From the line containing "#532 SPLENDID Gray" to the last line below, retype everything word for word.

Raw data:
..........
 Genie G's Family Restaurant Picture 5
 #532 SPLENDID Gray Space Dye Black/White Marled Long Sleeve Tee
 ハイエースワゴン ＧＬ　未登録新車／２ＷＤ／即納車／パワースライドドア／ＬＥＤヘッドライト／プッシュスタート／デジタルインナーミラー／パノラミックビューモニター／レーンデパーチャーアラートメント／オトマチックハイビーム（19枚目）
..........
Written solution:
 #532 SPLENDID Gray Space Dye Black/White Marled Long Sleeve Tee
 ハイエースワゴン ＧＬ　未登録新車／２ＷＤ／即納車／パワースライドドア／ＬＥＤヘッドライト／プッシュスタート／デジタルインナーミラー／パノラミックビューモニター／レーンデパーチャーアラートメント／オトマチックハイビーム（19枚目）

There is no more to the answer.